WHAT THIS TASK INVOLVES → Repeat exactly the lines that begin at the one containing "Plant Daddy Sticker" and end at the final line of the records; include no pictures and nothing else.

MATERIAL TO PROCESS →
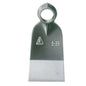 ZAPPA OCCHIO TONDO 1 BELLOTA 1A ACCIAIO FORGIATO GR 375 MM  80X130 SM.MM 36
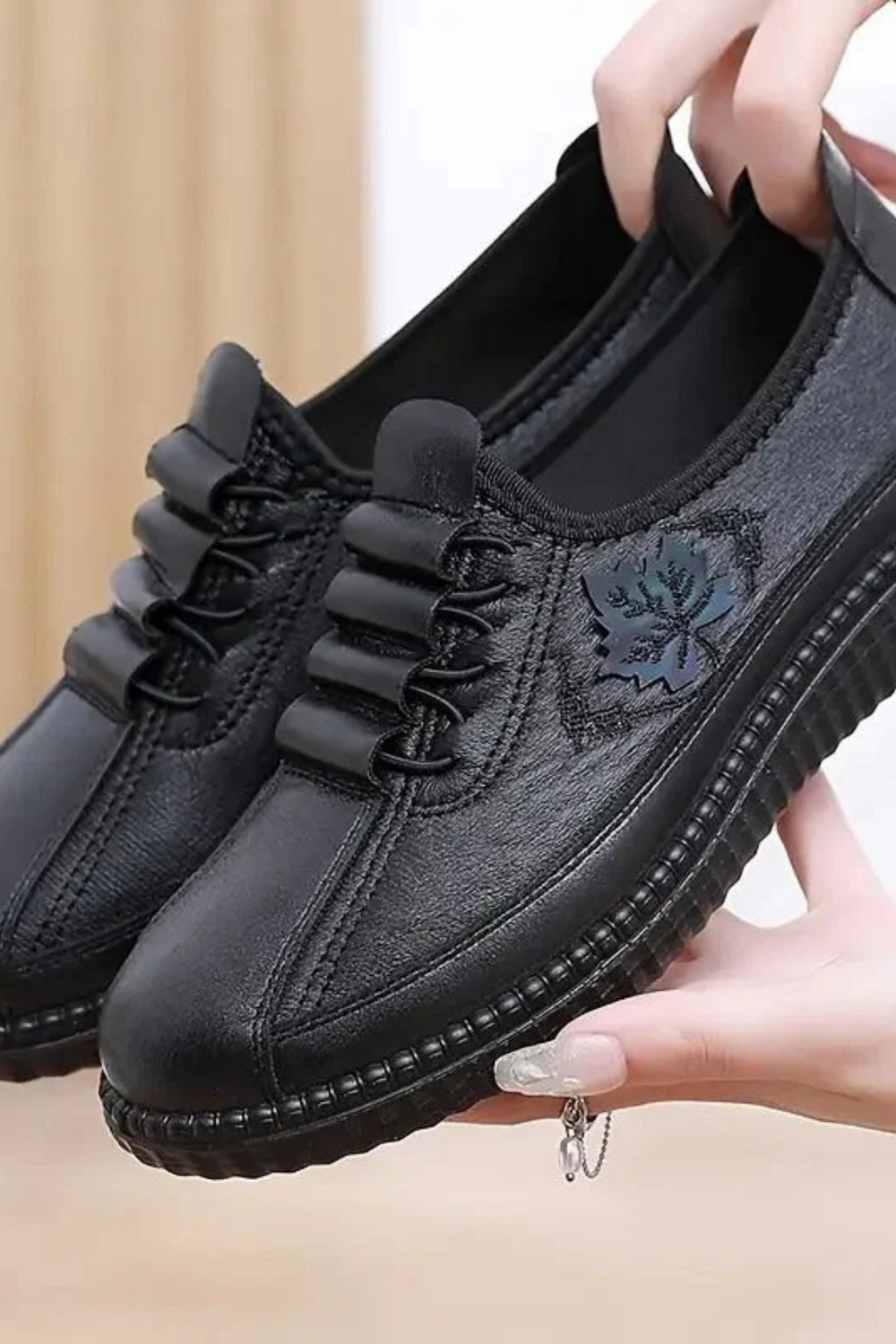 Amber Premium Leather Orthopedic Loafers for Everyday Wear
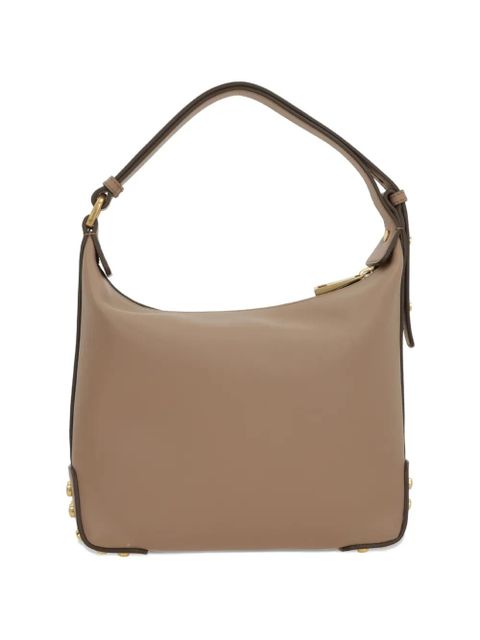 Tod's logo-embossed studded tote bag - Neutrals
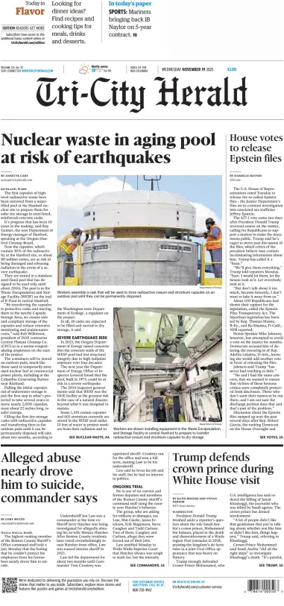 Cover of Tri-City Herald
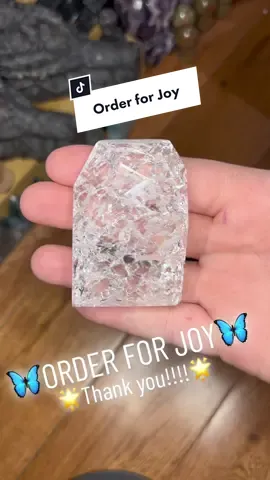 Thank you JOY 🦋🦋 #crystaltok🔮 #crystalhealing #SmallBusiness #lunarsoul #crystals #crystalshop #crystalsyouneed #crystalobsessed #metaphysical 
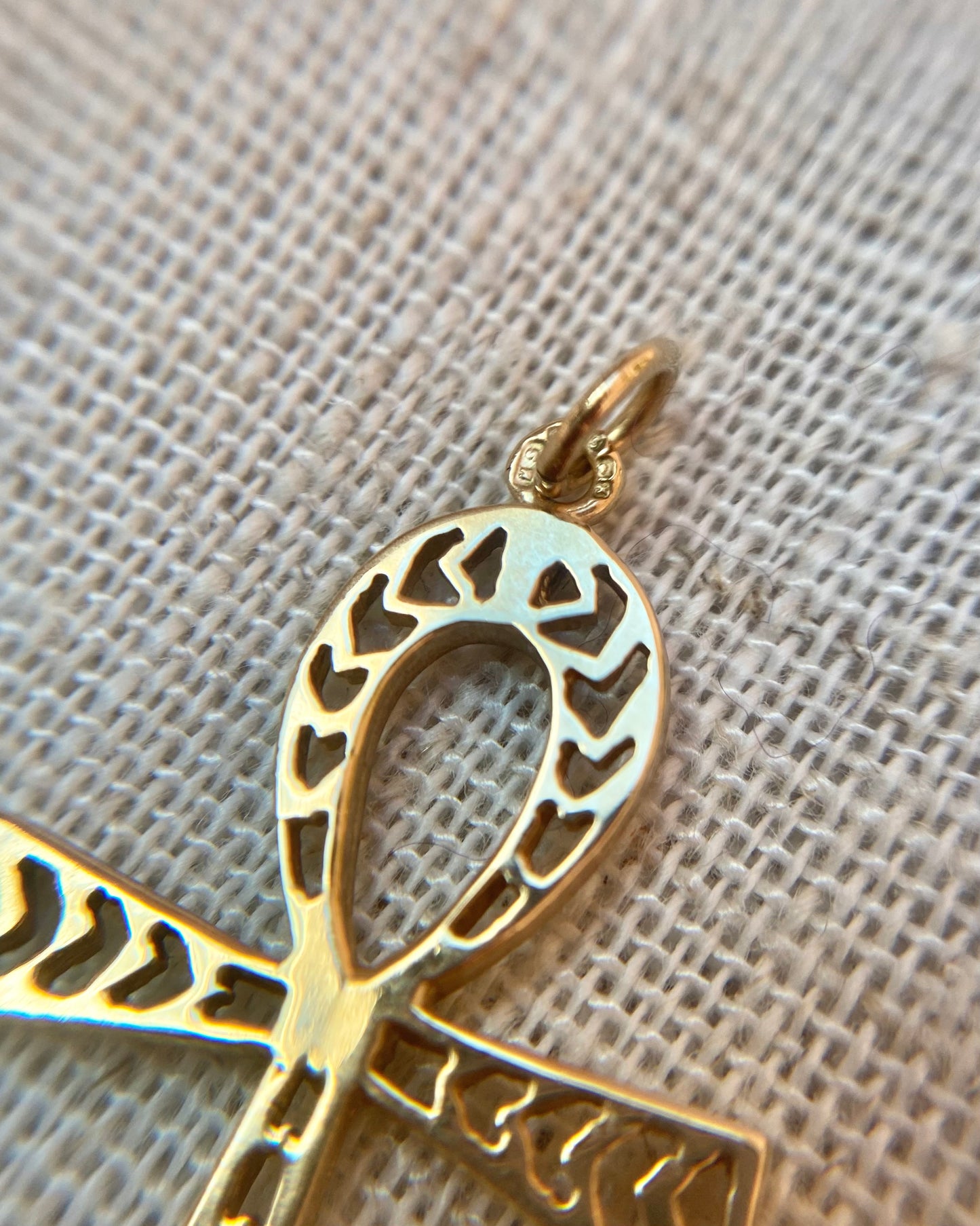 Vintage 9ct Gold Ankh Pendant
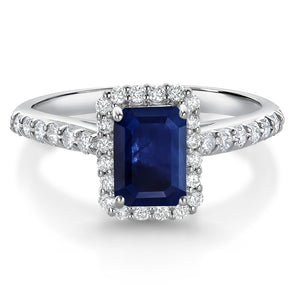 Ring in 10K White Gold
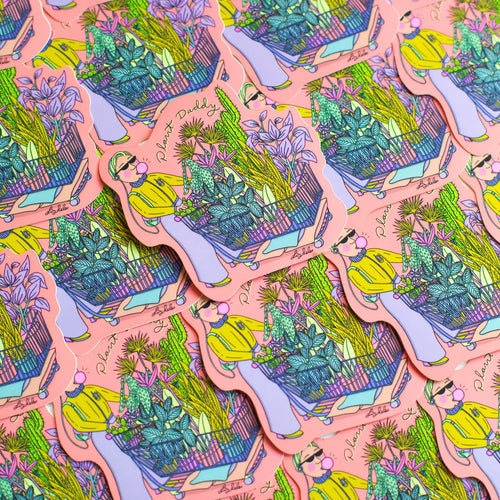 Plant Daddy Sticker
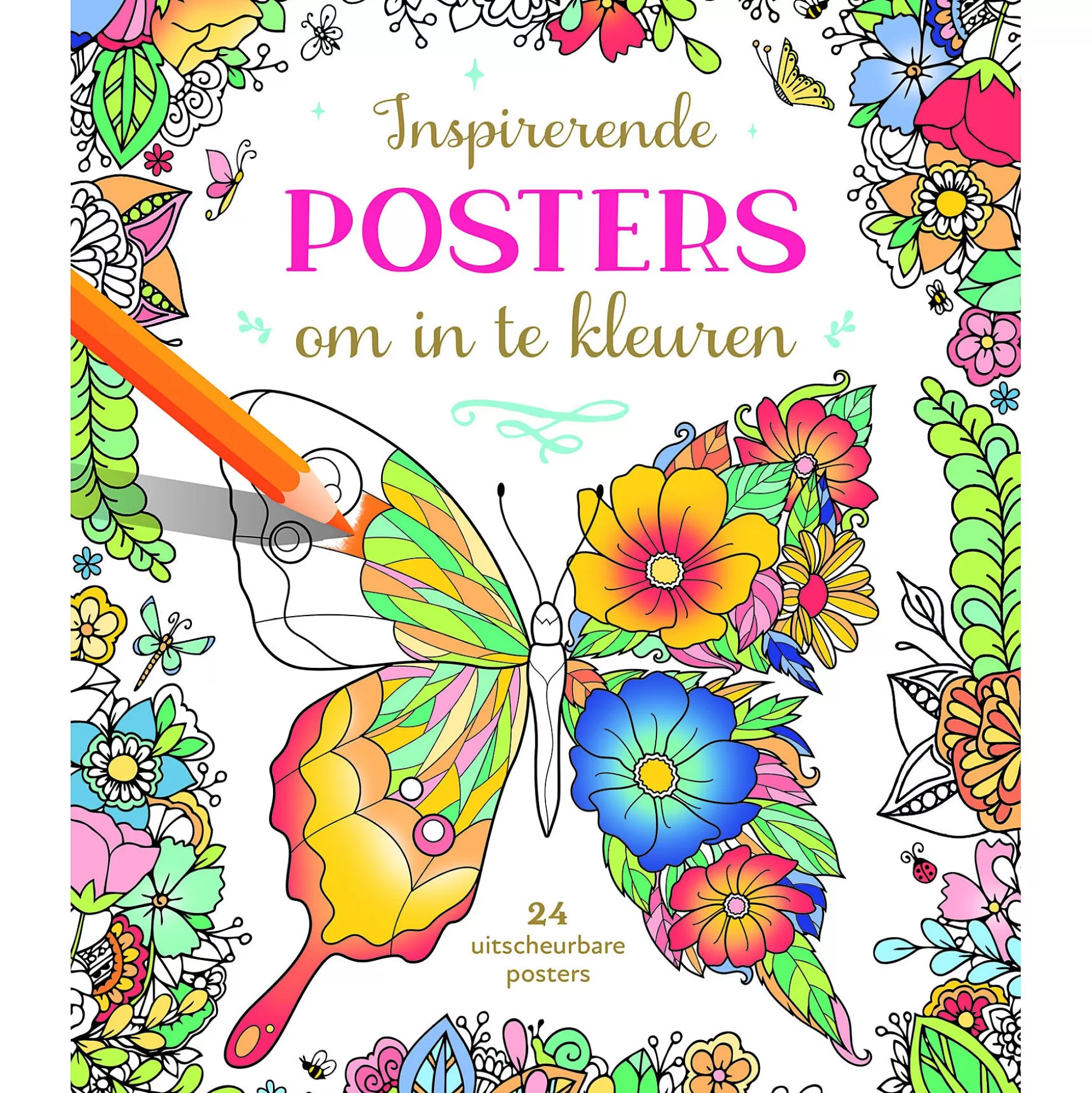 * Kleurboeken-Inspirerende Posters Om In Te Kleuren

SOLUTION BELOW →
 Plant Daddy Sticker
 * Kleurboeken-Inspirerende Posters Om In Te Kleuren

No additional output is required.